──────── Dataset content ────────
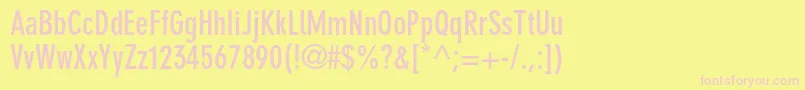 DinneuzeitgroteskstdBdcond Font – Pink Fonts on Yellow Background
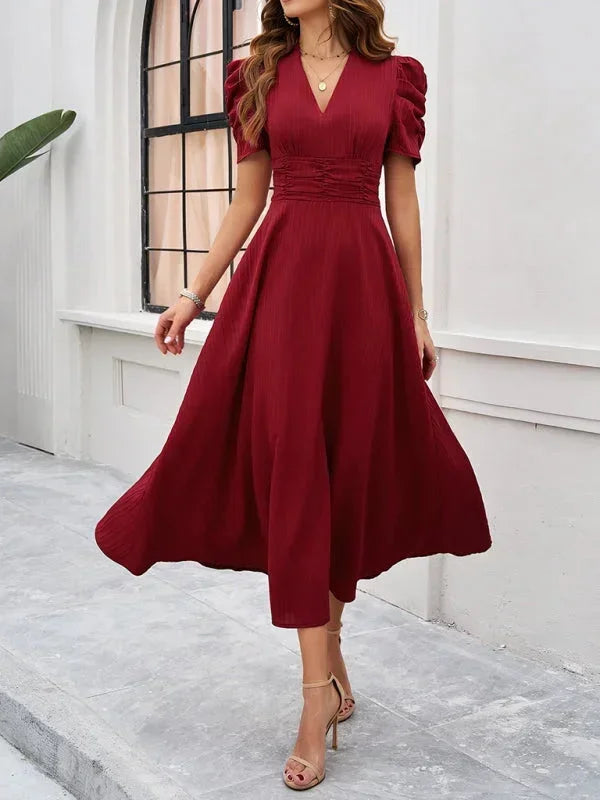 Beatrice | Flowy Puff-Sleeve Fit-and-Flare Women Summer Midi Dress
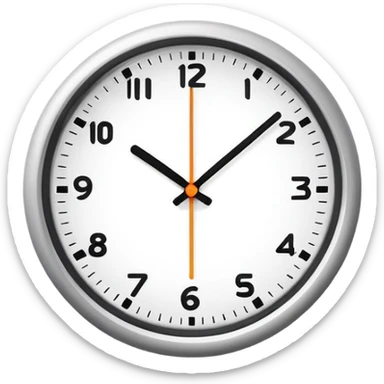 Minimalist 24 hour clock, simple design, clean lines sticker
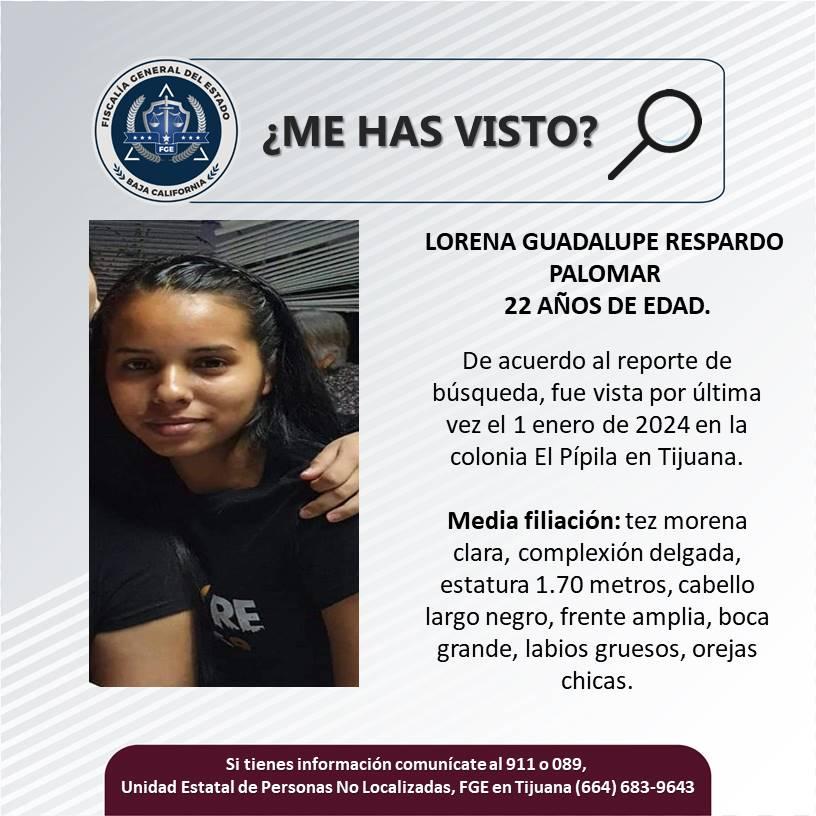 Servicio social: Se busca a Lorena Guadalupe Respardo palomar de 22 años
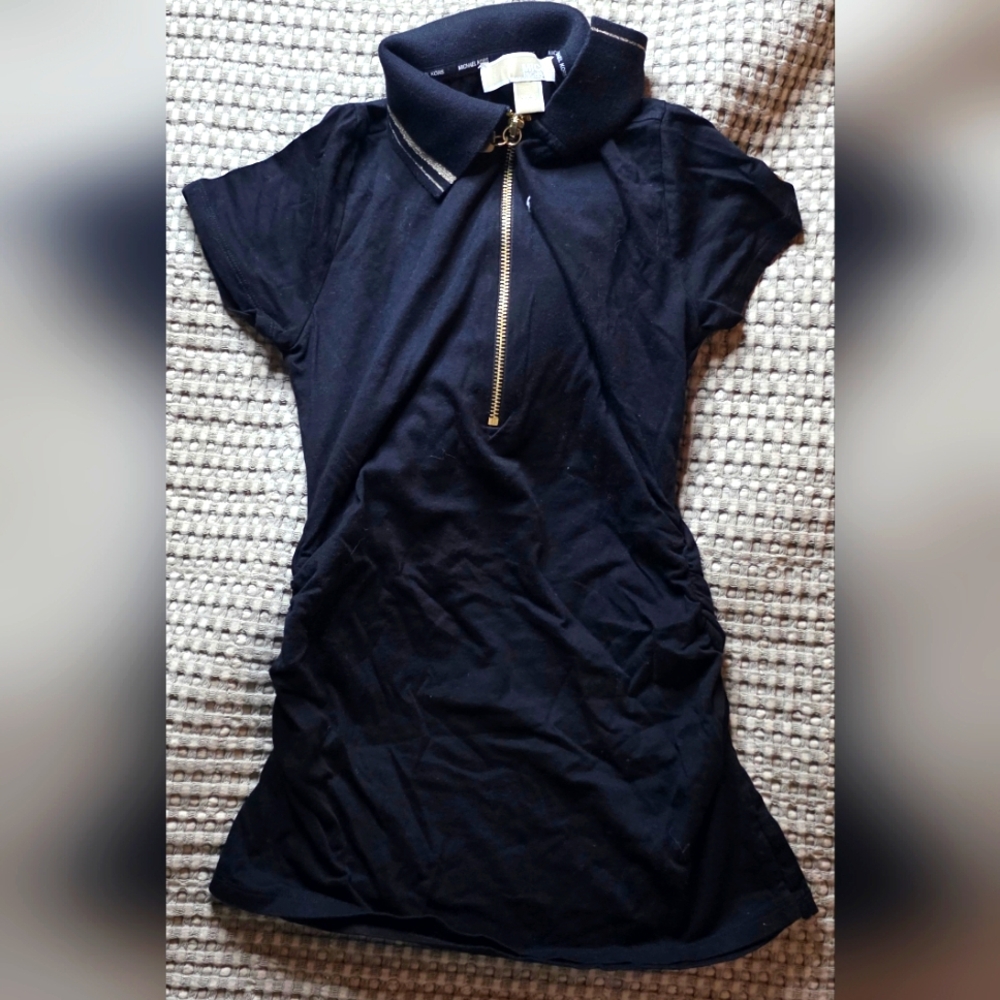 Michael Kors Black Polo Shirt Mini Dress with Gold Accents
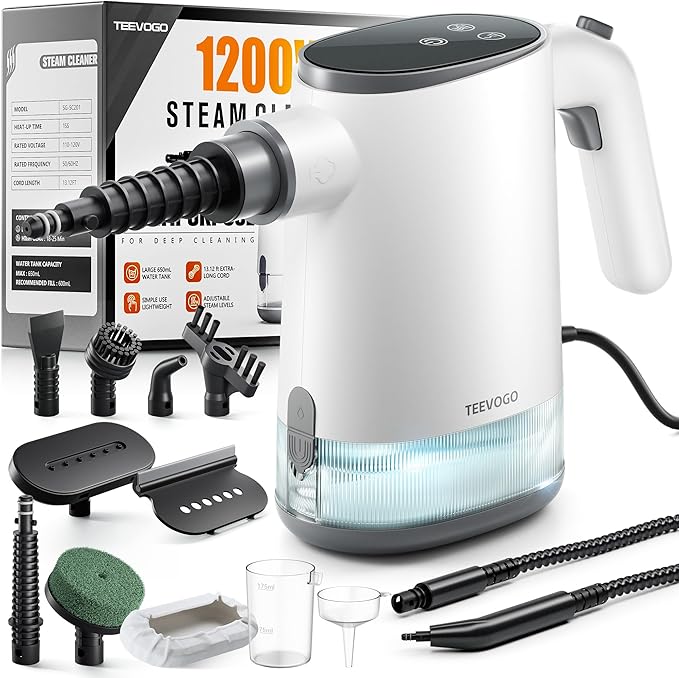 Handheld Steam Cleaner for Home, Portable Steamer Cleaner with 12 Accessories, 15S Fast Heat Up, Steam Adjustable, Hand Held Steamer for Cleaning Grout, Floor, Kitchen, Bathroom, Windows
────────
• Instructions for the task: When copying the entries above, keep each word as it is and exclude any image.

• Exercise answer:
 DinneuzeitgroteskstdBdcond Font – Pink Fonts on Yellow Background
 Beatrice | Flowy Puff-Sleeve Fit-and-Flare Women Summer Midi Dress
 Minimalist 24 hour clock, simple design, clean lines sticker
 Servicio social: Se busca a Lorena Guadalupe Respardo palomar de 22 años
 Michael Kors Black Polo Shirt Mini Dress with Gold Accents
 Handheld Steam Cleaner for Home, Portable Steamer Cleaner with 12 Accessories, 15S Fast Heat Up, Steam Adjustable, Hand Held Steamer for Cleaning Grout, Floor, Kitchen, Bathroom, Windows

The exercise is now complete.